The Sassi area of Matera was a dazzling and extensive maze of small streets, alleyways and stairs laid out in an chaotic pattern relating to the topography. There were impressive views from Sassi across a steep ravine which provided routes for hikers. Tourists congregated around the honeypot sites in Sassi, such as the extravagantly decorated Duomo, but it was so extensive that it was possible to find quiet areas away from the hordes. Part of the enjoyment of Sassi was getting lost and discovering unexpected attractions, such as a church built into the rocks and an exhibition of local photographs where we sheltered from the unseasonal rain.
We spent four hours (including lunch) in Matera but would be keen to return to see more.
More | explore Matera – be your own best guide on a walking tour of the Sassi of Matera.

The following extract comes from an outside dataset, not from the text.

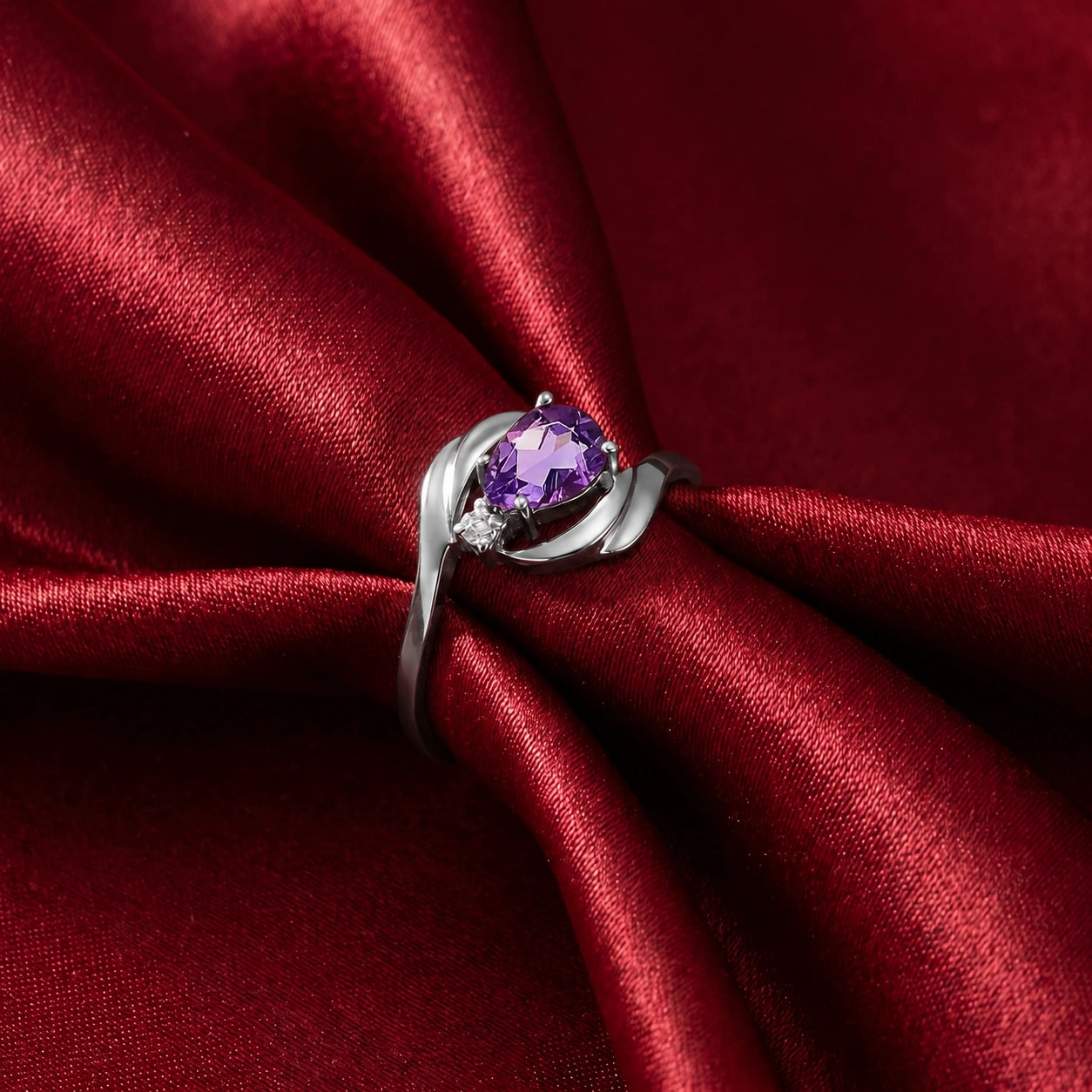 White Gold Diamond & Amethyst — Michela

We visited Alberobello late afternoon on our way back from Matera. The trulli were clustered into different neighbourhoods across much of the town. Restaurants and cafes in the centre of Alberobello were still throbbing with visitors at 6pm but it was possible to find residential trulli in quieter streets away from the crowds. We were pleased to visit Alberobello given the concentration of trulli in a relatively small area – although a couple of hours in the town followed by delicious ice creams felt sufficient. We drove back to Monopoli spotting isolated trulli among the fields.
Polignano a Mare **
Polignano a Mare was 10 minutes drive up the coast from Monopoli – and in some ways its charm and vibe were fairly similar. The outskirts just south east of the centre contained some swanky modern flats close to a contemporary art museum (sadly closed on Mondays) and overlooking the emerald sea. The town was built on vertiginous cliffs, many with grottos directly underneath. The town centre streets and alleyways were lined with pretty whitewashed buildings, with restaurants and cafes spilling out onto little squares.
We only managed to scratch the surface of Puglia in a week. The region and its many attractions are more extensive than we expected and we failed to visit a local vineyard or olive farm. We would love to revisit Matera – hopefully on a dry day avoiding multi-storey car parks – to visit Locorotondo and Martina Franca, and to discover the west coast and its many beaches.